3DS 1.0 was about as user-friendly as a cactus dildo. Cardholders were forgetting passwords, abandoning carts, and generally hating life. Conversion rates plummeted, and merchants were caught between a rock and a hard place — fraud protection or upselling?

Then in 2016, we got 3DS 2.0. This update was supposed to make the process smoother than the well-oiled… well, you get the idea. Instead of clunky passwords, it uses risk-based authentication. The system now analyzes over 100 data points in the background to decide whether to contact the cardholder for additional verification.

fcirc.jpg


Today, 3DS is run by EMVCo, a consortium that sounds like a supervillain organization but is actually run by EuroPay, Mastercard, and Visa. It’s become an industry standard, with every major card network on board.

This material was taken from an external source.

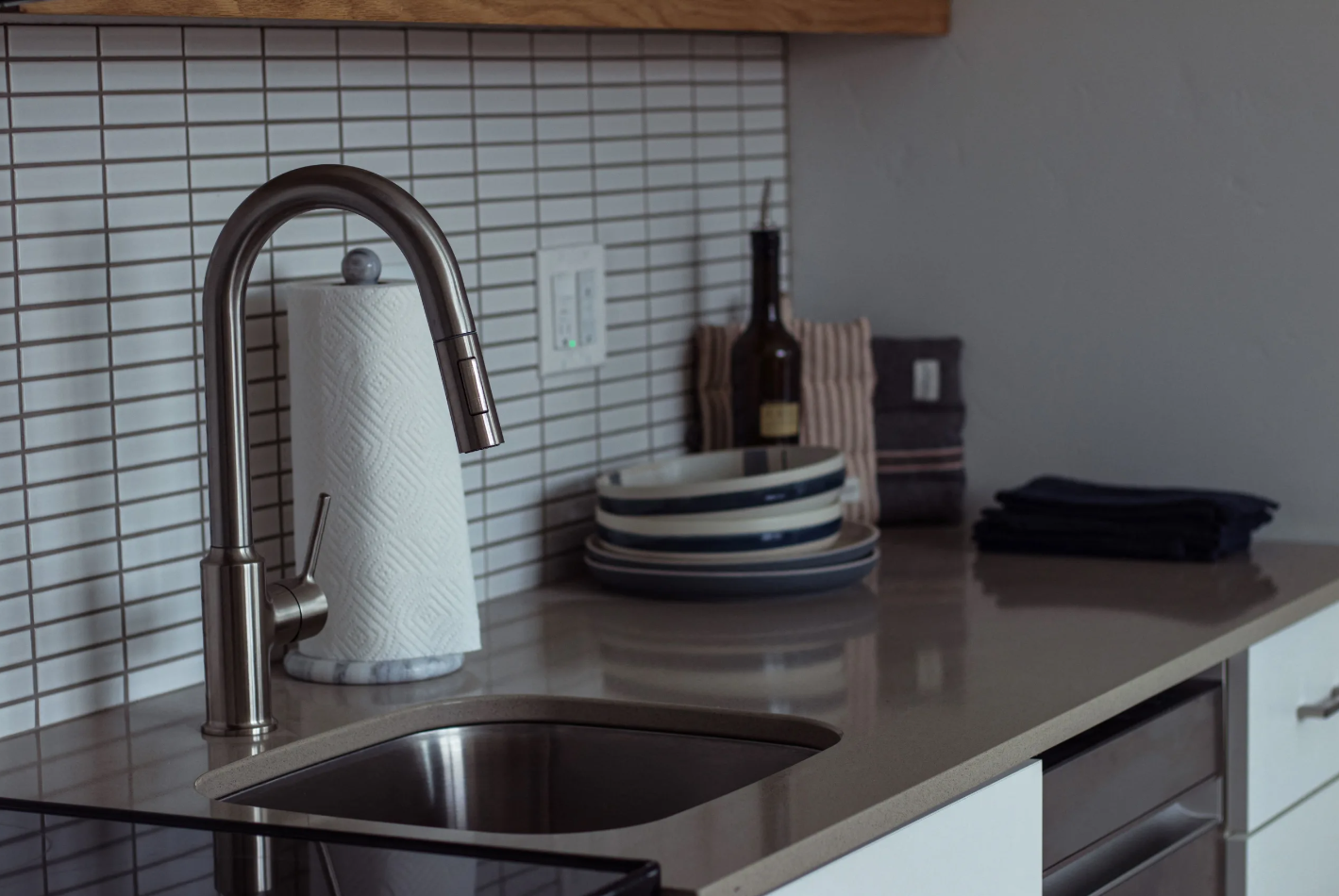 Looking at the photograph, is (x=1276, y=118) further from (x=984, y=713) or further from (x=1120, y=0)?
(x=984, y=713)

From the fraud-fighting hero to the conversion-killing villain and back again. It’s been blocking carders for over 20 years, and it’s not going anywhere. But don’t worry — where there’s a will (and a bunch of smart bastards like us), there’s a way.

How does it work?
When someone pays online, here’s what happens behind the scenes:
Card data entry: Once those numbers hit the merchant’s site, 3DS pre-processing begins.
Directory Server (DS) check: The merchant’s 3DS server sends a DS query, essentially asking, “Is this card part of the 3DS Club?”
Access Control Server (ACS) Locator: If the card is registered, DS returns the card’s ACS URL – think of it as the card’s access blocker.
Data Collection: The 3DS now functions as a full-fledged security service, collecting everything from device information to the customer’s zodiac sign.
Authentication Request (AReq): All this important data is combined and sent to the ACS.
Risk Assessment: The ACS runs this data through its bullshit detector.
Authentication Response (ARes): Based on its assessment, the ACS decides whether to:
a) Greenlight the transaction (Non-Stop Flow)
b) Challenge (Challenge Flow)
Verification Flow (if running): The customer must prove their legitimacy, possibly with a one-time password or by sacrificing their firstborn.
Final Verdict: The 3DS receives the authentication result. If it’s a thumbs up, the payment goes through.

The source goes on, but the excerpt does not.